The patent, plain truth, a truth so true that it approaches the truth we find in mathematical equations, which can of course be derided as a "tautological" truth except with folks who refuse to acknowledge it, is that if you take a random room full of people and sprinkle more and more firearms into that population, you will be more and more likely to eventually have an event of firearm violence. Tired of waiting? Add alcohol, add televisions, add politicians and religious fanatics. Until the national media can literally laugh Wayne LaPierre's ridiculous platitudes out of the hall, we are conducting this horrible experiment in real time. The money shot (sorry): It’s only a matter of time before one these guns accidentally discharges; it’s only a matter of time before someone taunts these fetishists and, because the ammosexuals are stupid and humorless and lack impulse control, one them “fights back” with deadly force. These people need to become pariahs. Yesterday.

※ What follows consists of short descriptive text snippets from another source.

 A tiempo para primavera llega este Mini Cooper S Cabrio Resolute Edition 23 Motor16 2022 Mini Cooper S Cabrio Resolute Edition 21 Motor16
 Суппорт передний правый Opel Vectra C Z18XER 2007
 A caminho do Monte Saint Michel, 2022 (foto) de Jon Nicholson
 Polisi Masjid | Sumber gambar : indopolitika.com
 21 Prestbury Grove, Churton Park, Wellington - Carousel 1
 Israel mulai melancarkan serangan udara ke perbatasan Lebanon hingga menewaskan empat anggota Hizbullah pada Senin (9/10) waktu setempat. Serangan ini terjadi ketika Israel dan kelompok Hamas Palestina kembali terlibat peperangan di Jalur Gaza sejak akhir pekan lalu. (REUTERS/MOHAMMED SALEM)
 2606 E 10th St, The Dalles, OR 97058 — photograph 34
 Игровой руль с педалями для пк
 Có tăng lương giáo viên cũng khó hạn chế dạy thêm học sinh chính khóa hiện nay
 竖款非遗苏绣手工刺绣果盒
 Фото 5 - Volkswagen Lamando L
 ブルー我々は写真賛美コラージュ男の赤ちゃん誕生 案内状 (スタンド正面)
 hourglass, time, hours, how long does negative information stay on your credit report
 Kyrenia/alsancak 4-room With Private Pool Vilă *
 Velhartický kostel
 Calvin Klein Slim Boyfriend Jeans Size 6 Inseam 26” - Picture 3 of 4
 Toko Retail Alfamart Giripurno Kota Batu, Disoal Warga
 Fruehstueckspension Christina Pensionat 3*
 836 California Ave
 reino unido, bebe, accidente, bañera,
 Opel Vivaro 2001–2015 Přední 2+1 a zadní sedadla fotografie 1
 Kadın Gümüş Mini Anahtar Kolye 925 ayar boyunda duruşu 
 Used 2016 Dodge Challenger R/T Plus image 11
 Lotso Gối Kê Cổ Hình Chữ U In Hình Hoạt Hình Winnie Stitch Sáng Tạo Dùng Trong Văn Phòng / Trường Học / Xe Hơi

Second. Last week the Durham, NC city jail was forced to release a guy who had been sitting in there for two years accused of a drive-by shooting which killed a 10-year-old girl. He was never brought to trial because the NC Crime Lab is understaffed and evidence was unable to be processed. He was released because a judge ruled that his right to a speedy trial had been violated--which seems indeed to be true. One would think that the Damocletian sword of this speedy trial rule would drive any competent body of legislators to be damn sure that the state crime lab was always properly funded and staffed. Apparently our current Legislature felt otherwise. They were too busy cutting taxes on wealthy people and attacking the whole concept of tenure as it applies to public school teachers (so that if some teacher should point out to her students a future failure of this magnitude by a future Legislature, she will live in fear of losing her job, or will in fact lose her job post haste). Oh, did I mention. The guy shot and killed a guy in Chapel Hill a week after he was released. He's been charged with murder:

Third. It's been widely noted this week (around the web) that among the commentators on Hillary Clinton's (in my view) very successful interview with Fox News was Terry Bradshaw, Football Hall of Fame Quarterback for the Pittsburgh Steelers during their four '70s era Super Bowl victories and now a member of the Fox NFL Pregame show:

Bradshaw said he never has trusted Ms Clinton, and that everyone ought to tell the truth. He thus joins the ranks of genius-level propagandists now working the current "street." As no doubt has been remarked at the water cooler already, we can all await his suit of the NFL for chronic brain injury, which will arrive in the mail the day after he's finally dismissed from his Pregame show for some as yet unimagined indiscretion. But what struck me was that this direct joining of Fox Sports with Fox Political Propaganda is only the most explicit iteration of what has been already in place since Mr. Murdoch bought up the sports coverage rights to most of the most popular sporting events in the United States. You don't have to have a Bradshaw actually talk about a politician, when you've captured the viewers you want to "convince." In fact, putting Bradshaw directly into politics is probably a mistake, a looking behind the curtain so to speak. Possibly people will notice. It's more likely that another statistical truth prevails however: people who notice are such a minority in the American electorate that they can be entirely discounted when designing election campaigns. Get enough dumb-asses to vote and the smart ones can just, erm..., smart.

I guess point the 3rd brings us back to point the 1st. The Hudahenians look out the window into the summer, inscrutable. They watch a squirrel on an oak stump, who scratches a flea and then leaps down to find a moldy acorn. Thank Jesus it's Saturday. Last night we watched Ozu's "Late Spring" for the second time. If it's possible to put poetry into film form, or to actually film a perfect short story, Ozu does it (and more than once). This most elegant of movies can be watched many times. It grows deeper and deeper. It's no wonder Setsuko Hara devoted her professional career to Mr. Ozu, and retired after he died. There was nothing more for her to achieve.